Data Stream
Project description
🚀 Data Proxy Service (data-stream)
A Python-based tool that allows you to stream data from a remote server to your local compute resources. This service is particularly useful when you need to train models on large datasets stored on a remote server but don't have sufficient storage on your local compute node.
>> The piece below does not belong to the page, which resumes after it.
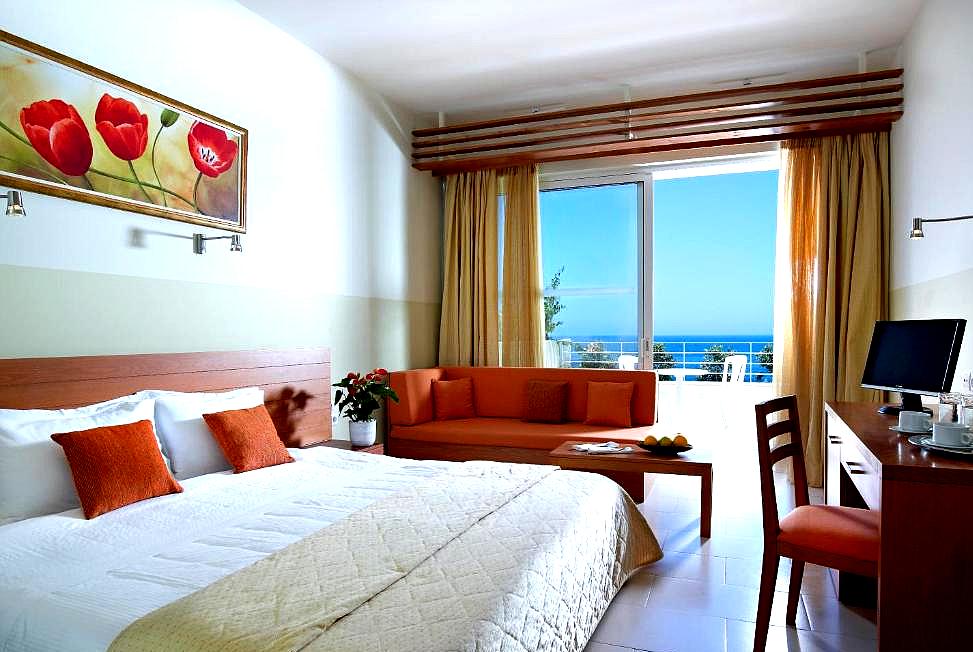 bright hotel room with sea view and vibrant decor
This repository is a wrapper around the sshtunnel library and uses fastapi to create a simple HTTP server to stream the data.
✨ Features
- 🔒 Stream data securely from a remote server using SSH tunneling
- 📝 Support for SSH config aliases and direct SSH parameters
- ⚡ FastAPI-powered HTTP endpoint for data access
- 🤖 Automatic management of remote Python HTTP server
- 🏥 Health check endpoint for monitoring
- 🔑 Support for both SSH key and password authentication
- ⚙️ Configurable ports for local and remote connections
- 🛑 Graceful shutdown handling
📦 Installation
Install the package using pip:
pip install data-stream
Alternatively, Clone this repository:
git clone https://github.com/yourusername/data-proxy-service.git
cd data-proxy-service
pip install -e .
🔧 Usage: Command-line Interface
To start the Data Proxy Service, use one of the following methods:
1. Using SSH Config Alias 📋
If you have an SSH config file (~/.ssh/config
) with your server details:
data-stream --ssh-host-alias myserver --data-path /path/to/remote/data
Here is an example of an SSH config file:
Host myserver
HostName example.com
User mouloud
IdentityFile ~/.ssh/id_rsa
2. Using Direct SSH Parameters 🔑
data-stream \
--ssh-host example.com \
--ssh-username myusername \
--ssh-key-path ~/.ssh/id_rsa \
--data-path /path/to/remote/data
Optional Parameters ⚙️
--local-port
: Local port for SSH tunnel (default: 8000)--remote-port
: Remote port for HTTP server (default: 8001)--fastapi-port
: FastAPI server port (default: 5001)--ssh-password
: SSH password (if not using key-based authentication)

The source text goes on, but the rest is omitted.